Improve the old reorder optimizer
The reorder is a simple logical grouping. All mitosis code is now organised by 
partition.
Within a partition instructions are put as close as possible to the last hot 
potato being generated.
This affects the queuing, avoiding doing work on other partitions, focussing on 
one partition at a time if possible.


diffs (truncated from 504 to 300 lines):

diff --git a/monetdb5/mal/mal_instruction.h b/monetdb5/mal/mal_instruction.h
--- a/monetdb5/mal/mal_instruction.h
+++ b/monetdb5/mal/mal_instruction.h
@@ -13,7 +13,7 @@
 #include "mal_stack.h"
 #include "mal_namespace.h"
 
-#define isaSignature(P)  ((P)->token >=COMMANDsymbol)
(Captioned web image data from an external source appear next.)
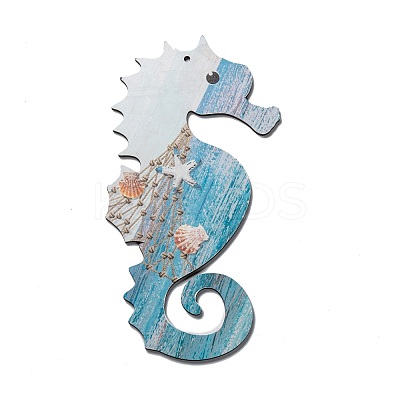 Natural Wood Pendant Decorations WOOD-I005-02-1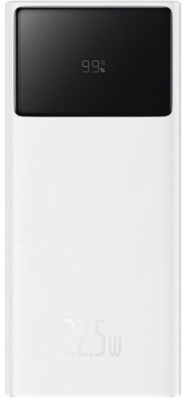 Внешний аккумулятор Baseus Star-Lord Digital Display Fast Charge Power Bank 22.5W 10000mAh (белый)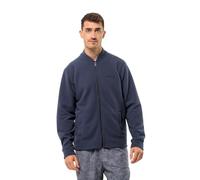 Jack Wolfskin Light Curl Jkt M - Giacca di Pile Uomo, Night Blue, XL -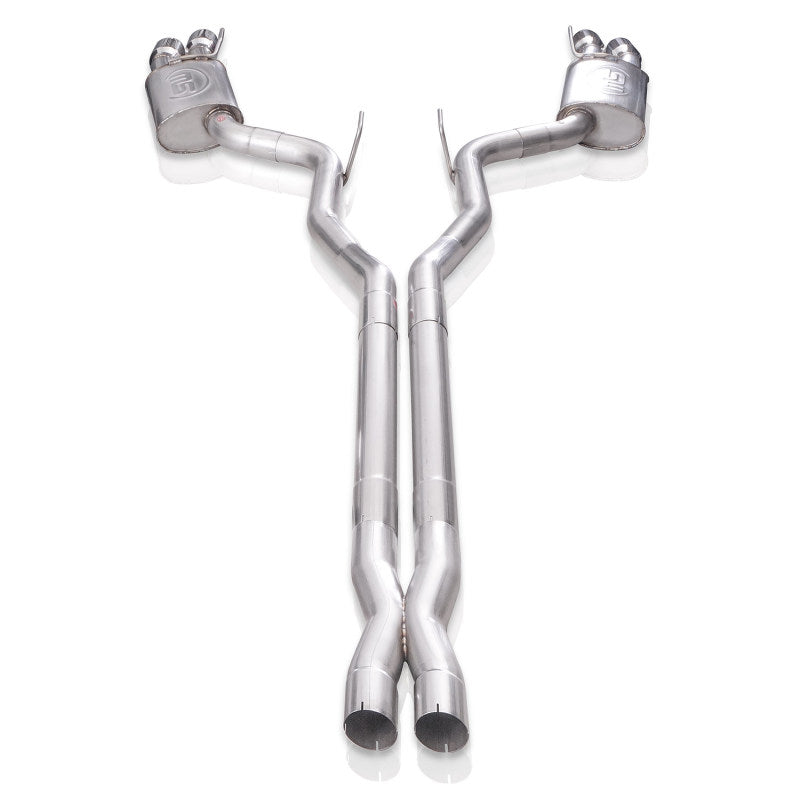 Stainless Works 18+ Ford Mustang GT Redline X-Pipe Performance Connect Cat-Back Exhaust M18CBXPC M18CBXPC Photo - Unmounted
+#define isaSignature(P)  ((P)->token >=COMMANDsymbol || (P)->token == 
PATTERNsymbol)
 
 #ifdef HAVE_SYS_TIMES_H
 # include <sys/times.h>
diff --git a/monetdb5/optimizer/opt_reorder.c b/monetdb5/optimizer/opt_reorder.c
--- a/monetdb5/optimizer/opt_reorder.c
+++ b/monetdb5/optimizer/opt_reorder.c
@@ -18,349 +18,164 @@
  * to rely on an affordable heuristic steps.
  *
  * The reorder optimizer transfers the breadth-first plans of
- * the mergetable into a depth-first traversal.
+ * the mergetable into a multi-phase execution plan.
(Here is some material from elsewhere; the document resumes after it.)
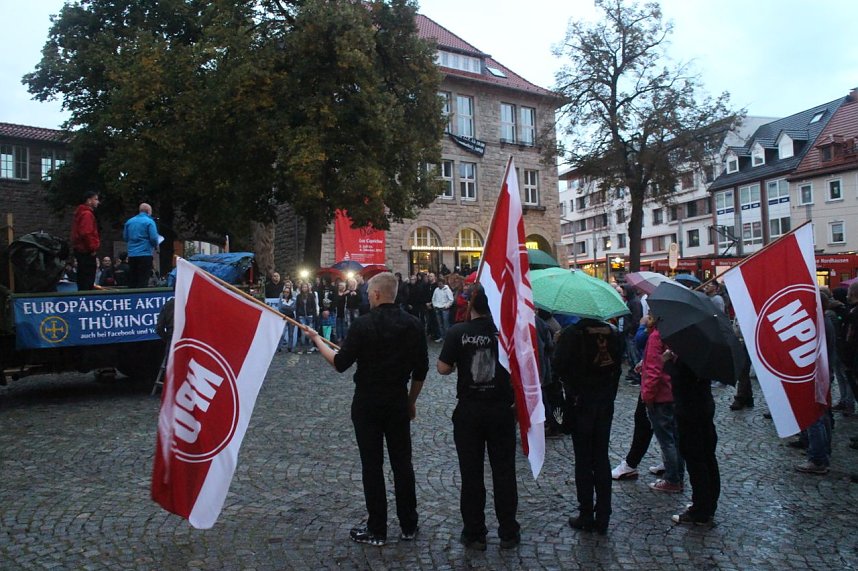 Demonstration und Gegendemonstration in Nordhausen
  * This increases cohesion for parallel execution.
- * It is performed by basic block that ends in a side-effect
- * bearing instruction.
- * Simply walking backward and pulling out subplans is then
- * the way to go. This step could be optimized somewhat
- * by giving preference to variables that are too far
- * away in the plan from their source. It is however not
- * explored.
- * The reorder is only executed if the mergetable produced results.
+ * A subquery is processed completely as quickly as possible.
+ * Only when the subquery is stalled for available input, the
+ * threads may start working on another subquery.
  *
- * The secondary approach is to pull instructions to the
- * head of the plan if the dataflow such permits.
- * If you are not careful, you will end up with
- * the breadth first plan again.
- *
- * Beware, variables can be assigned a value multiple times.
- * The order this implies should be respected.
- *
- * Hidden dependencies occur als with e.g. sql.assert() calls.
- * Reordering them may easily lead to an assertion violation.
- * Therefore, reordering should be limited to basic blocks without
- * side-effects.
  */
 #include "monetdb_config.h"
 #include "opt_reorder.h"
 #include "mal_instruction.h"
 #include "mal_interpreter.h"
-/*
- * Collect the statement dependencies in a table first
- * This can be done in linear time in size of the program.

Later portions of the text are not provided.